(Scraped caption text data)
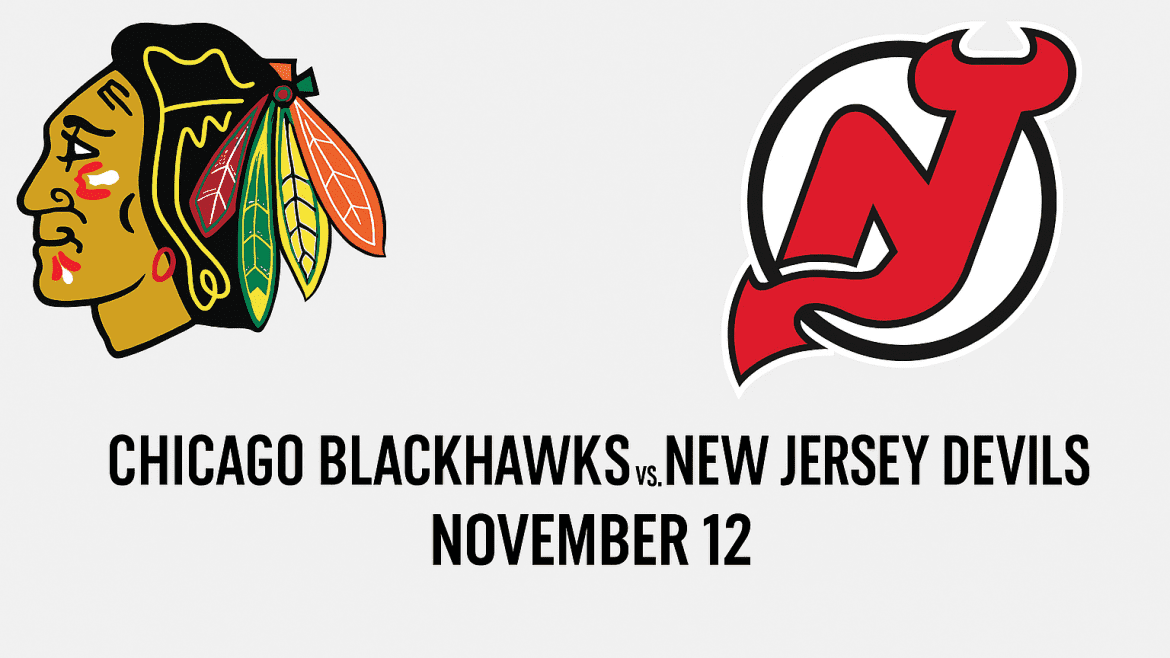 Blackhawks vs Devils November 12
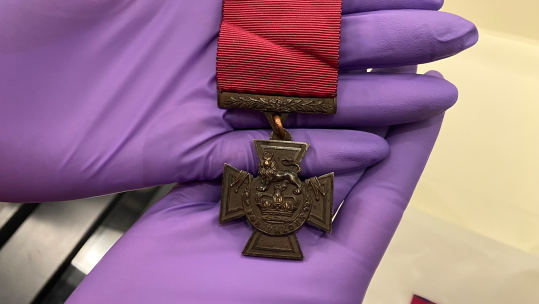 Two missing Victoria Cross medals recovered at Chelmsford Museum CREDIT CHELMSFORF MUSEUM 130524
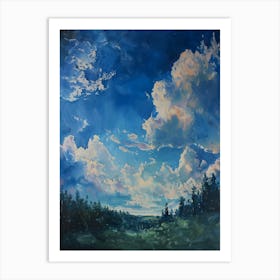 Cloudy Sky Art Print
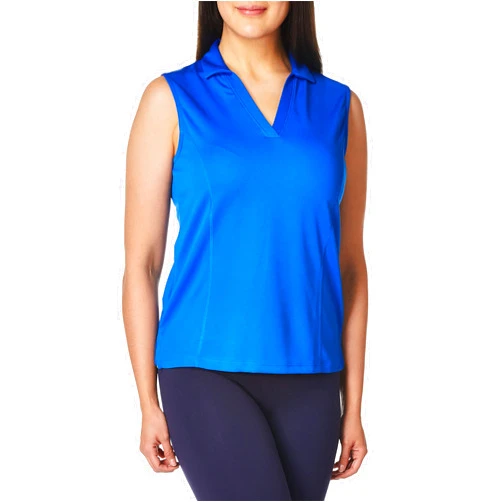 PGA TOUR Women's Airflux Sleeveless Golf Polo Shirt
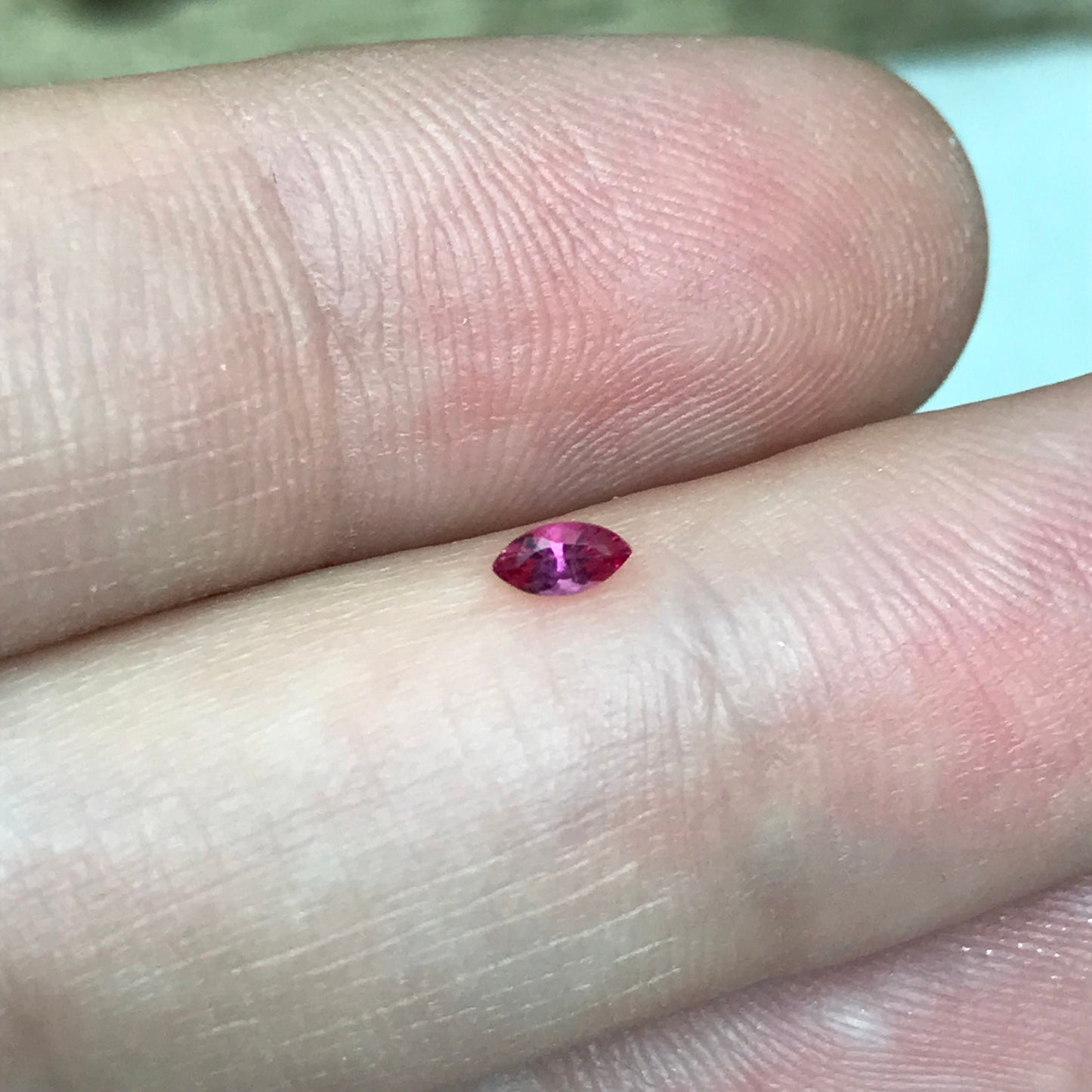 4x2mm Red Beryl, Faceted Bixbite, 0.09 Carat, Natural Little Red Beryl, Good Clarity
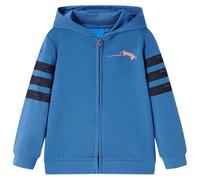 vidaXL Sudadera Infantil con Capucha Azul 128
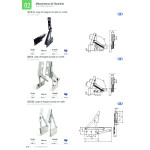 Jgo.bisagras Compas Zincada Sin Muelle Mayor Angulo De Apertura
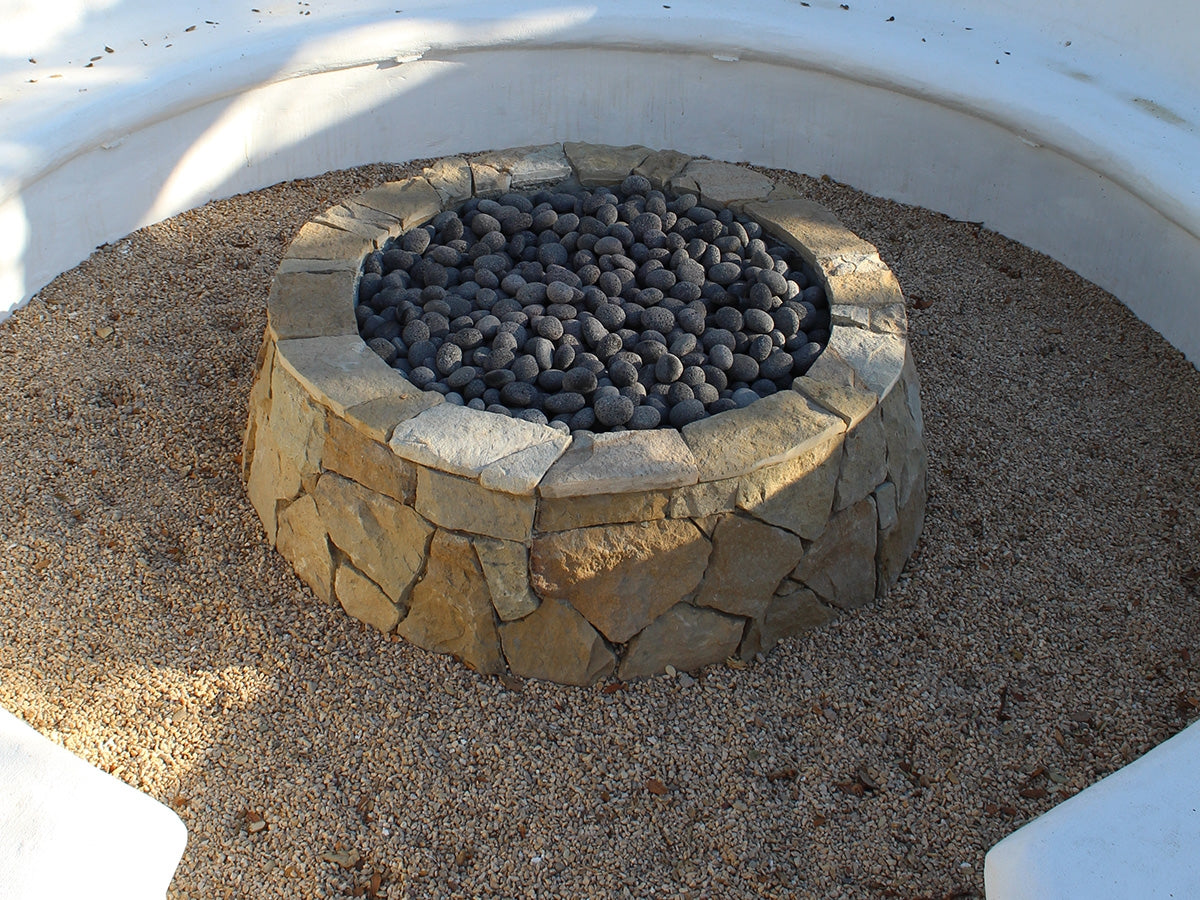 Black Nara Lava Pebbles, Nara Lava 2/3 50 Lbs Bag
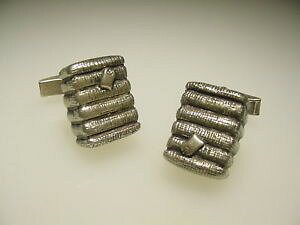 yzYANZT?@Be[WX^[OJtXNunusual vintage sterling silver figural bale wheat straw or cotton cuff links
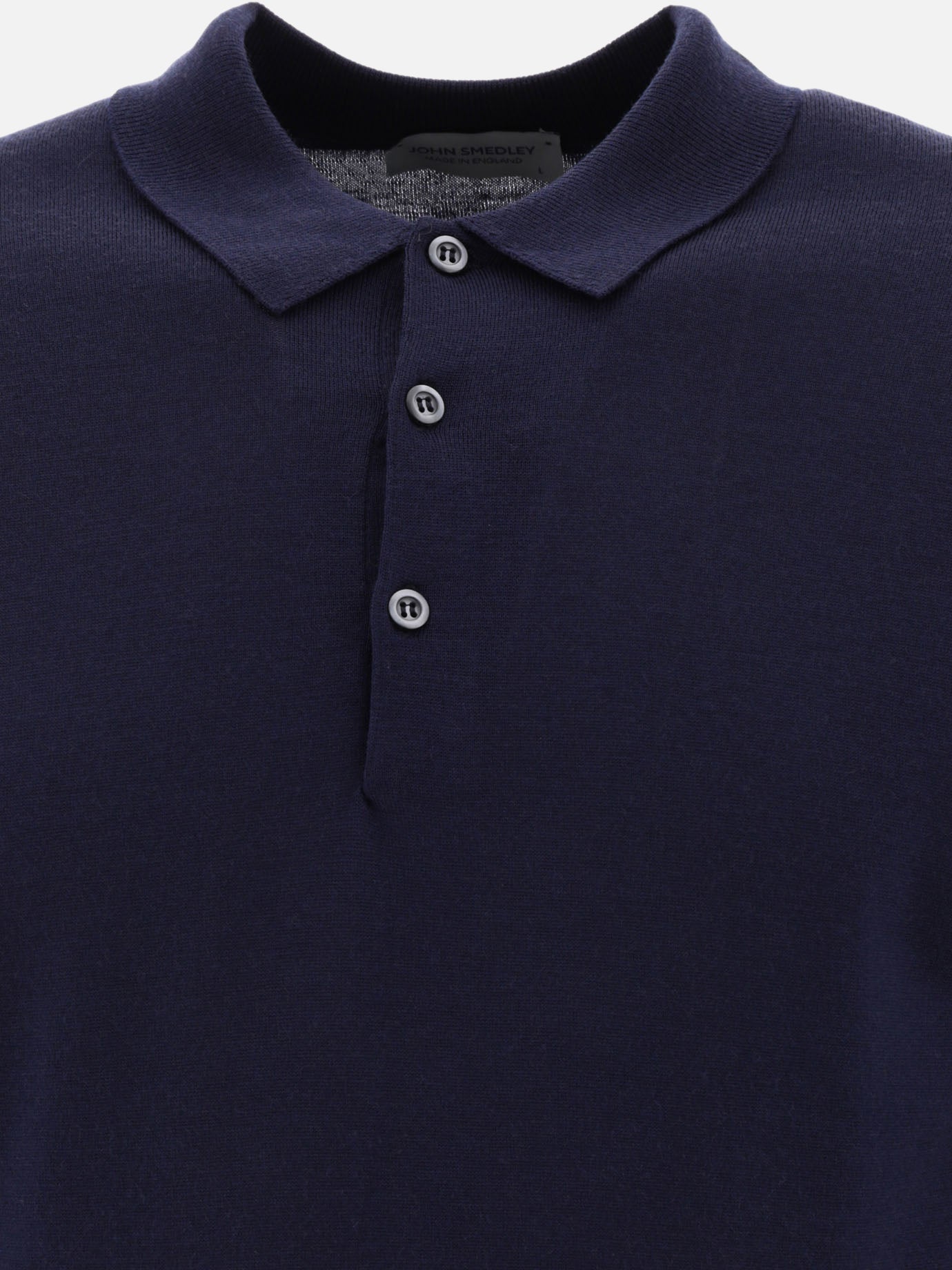 Polo shirts with buttons Solid colour  Blue - John Smedley Men | PDP | VIETTI Online Store | Zoom-Modal_3
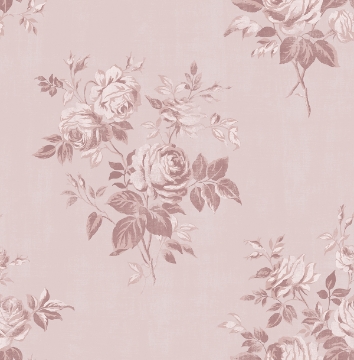 Picture of Blush Rosecliff Flower Peel and Stick Wallpaper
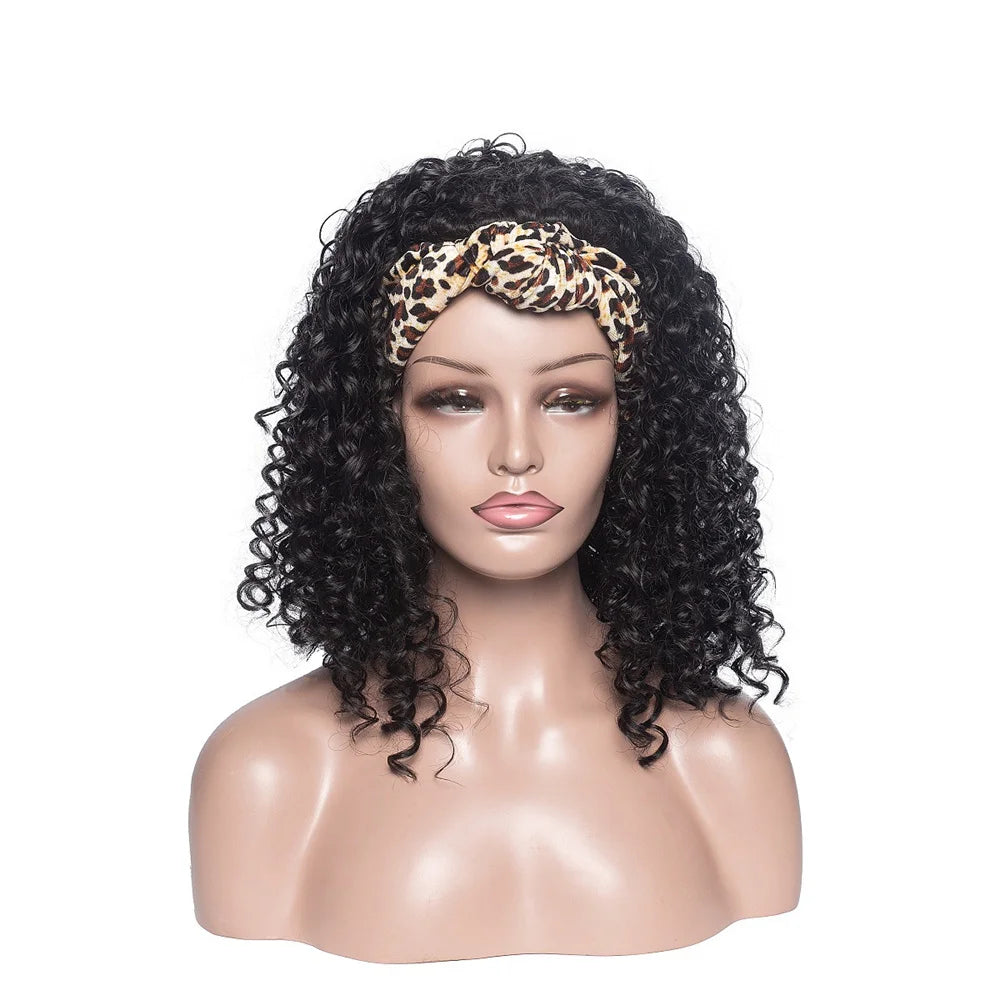 Perruque Headband Tresses Africaines Synthétique | 3 Brins | Queue de Cheval | Couvre-Cheveux | Fibre | Femme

TASK GOAL — Write back word for word every line in the entries above from the one with "Two missing Victoria" to the one with "Picture of Blush", ends included, and none of the pictures.

EXERCISE SOLUTION —
 Two missing Victoria Cross medals recovered at Chelmsford Museum CREDIT CHELMSFORF MUSEUM 130524
 Cloudy Sky Art Print
 PGA TOUR Women's Airflux Sleeveless Golf Polo Shirt
 4x2mm Red Beryl, Faceted Bixbite, 0.09 Carat, Natural Little Red Beryl, Good Clarity
 vidaXL Sudadera Infantil con Capucha Azul 128
 Jgo.bisagras Compas Zincada Sin Muelle Mayor Angulo De Apertura
 Black Nara Lava Pebbles, Nara Lava 2/3 50 Lbs Bag
 yzYANZT?@Be[WX^[OJtXNunusual vintage sterling silver figural bale wheat straw or cotton cuff links
 Polo shirts with buttons Solid colour  Blue - John Smedley Men | PDP | VIETTI Online Store | Zoom-Modal_3
 Picture of Blush Rosecliff Flower Peel and Stick Wallpaper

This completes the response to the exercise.